Among the things you may currently — or eventually — find here:
(July 01, 2021)
The Wikipedia article on Canada’s Indigenous Residential School Program is a good educational read. I don’t agree with those who want to cancel Canada Day because we’re now discovering unmarked burial grounds for children removed long term from their families on reservations by law in order to teach them English or French to help them assimilate, a program that was cruel and utterly ineffective, taking children at 5 or 6 and not returning them to their families for a full decade, at which point the parents and children were often unable to communicate in a shared language. During that decade in their lives that Indigenous children were sent to schools deliberately located far from their parents with visits discouraged, denied, or severely limited, they were abused in almost every way imaginable, housed in appalling conditions, and used for experiments or even malnourished deliberately to create a ‘control group’ that allowed other less unlucky kids to provide glowing comparative statistics for government reports. When they died, by the dozens, scores, and hundreds at any of five dozen residential schools across the huge country, they were buried and forgotten, records filed away and periodically tossed as the program went on for decades and decades. When (or if) they graduated, they faced a new hell, unable to go back to the reservation because they had been forbidden to use their language for a decade and could not communicate, and unable to get jobs in the cities because while they had learned English or French, they were far behind the educational levels of non-Indigenous job seekers, and faced racism as well. So for nearly a century in this country, we made it a law that children on reservations (often hidden when the government men would arrive) needed to be educated far away from Indigenous culture for most of their childhood, turning them into abused, confused, undereducated teens who could no longer even understand their parents, if they made it that far.

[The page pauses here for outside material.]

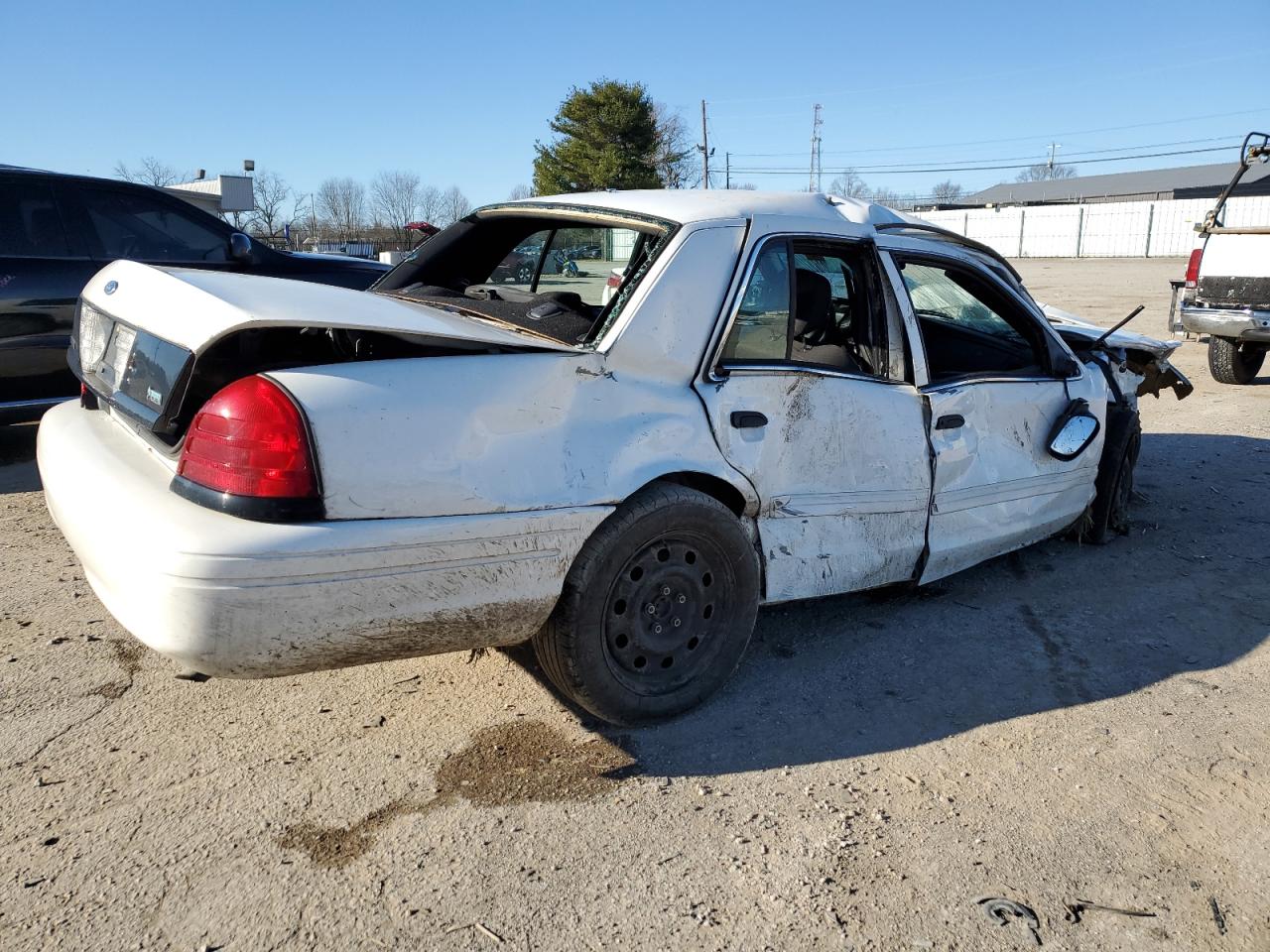 Photo 2 VIN: 2FABP7BV3AX137884 - FORD CROWN VICTORIA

I find I have more curiosity about this now than I did before reading the Wikipedia article, and I’ll probably learn more from other sources. Patriotism sometimes means accepting that your country was very horribly wrong and understanding that progress in general is a great sum of good things we see and bad things we often don’t. We’re shocked at the recent discovery of bodies buried in unmarked mass graves on or near to the former sites of the residential schools, but we shouldn’t be: we spent seven years on a Truth and Reconciliation Commission and established a permanent library at the University of Manitoba to keep all the Commission’s records, findings, and new research. It’s been known for some time that many, many children went into these places and never came out: the only question is how many, with estimates from 3200 to 30,000 of the roughly 150,000 kids who attended the schools. That it is only now becoming an issue because ground-penetrating radar is being used to find the buried bodies only indicates that you can spend millions on a five-year Commission and educate nobody.

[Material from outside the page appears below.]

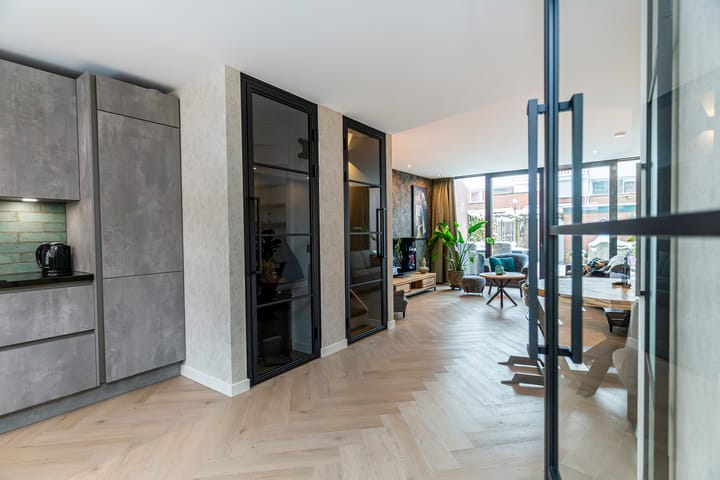 Foto 6 van Lisdodde 28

Canada Day celebrations today [this was written in 2021] are subdued because of these grisly discoveries that are finally getting the story out. I don’t support canceling Canada Day, as some places have done, but it is right and fitting that we recognize this part of our history. One of the recommendations of the Truth and Reconciliation Commission (sadly, very few of their recommendations have been completed or even begun) was to establish a national holiday of remembrance, which has been done: September 30 (young Indigenous children were taken to the schools annually around this time) is National Day for Truth and Recociliation, better known as Orange Shirt Day, named for a story told by a survivor who said that her grandmother bought her a new orange shirt to go to school in. Upon arrival, the shirt was taken from her and she never saw it again.
Writing is something I do a lot of, editing not so much. If you are prone to the TL:DR* comment, go watch a video on YouTube, the stuff posted here will not interest you. I'd rather read something than watch something and I hate seeing sites switch to video.

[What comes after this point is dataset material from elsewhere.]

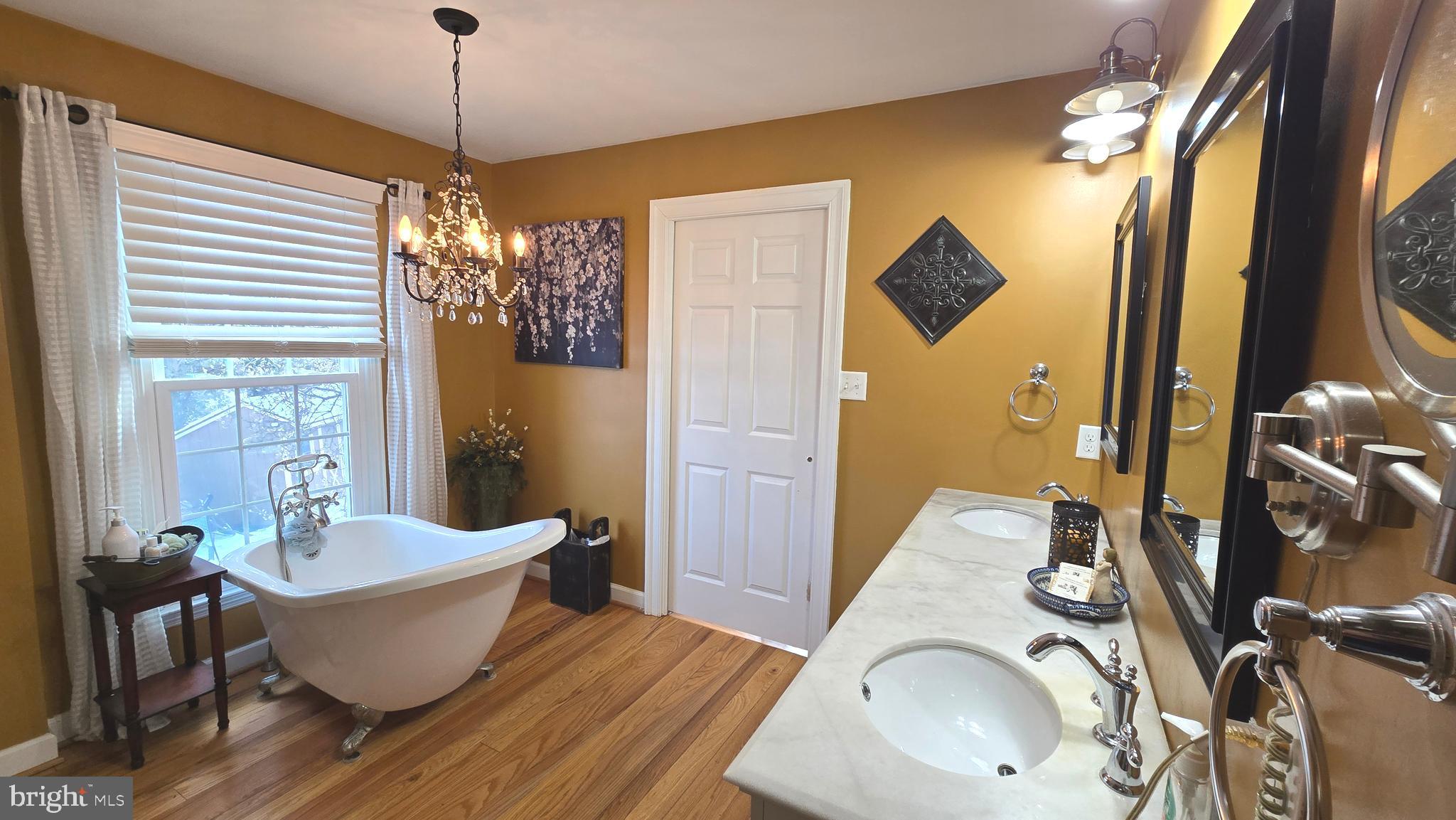 BRIARWOOD - Residential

* TL:DR stands for 'too long; didn't read.' For someone who struggles to get words and phrases and sentences to fit together, the only comeback to that lazy slam is DILLIGAF, which you'll have to look up on Wikipedia....
That's all for now. I'll put the date of the latest update at the bottom of this page so you can see what's happened.
Last update: September 23, 2024 (at least, the last time I updated and scrolled down to the end to change this line......)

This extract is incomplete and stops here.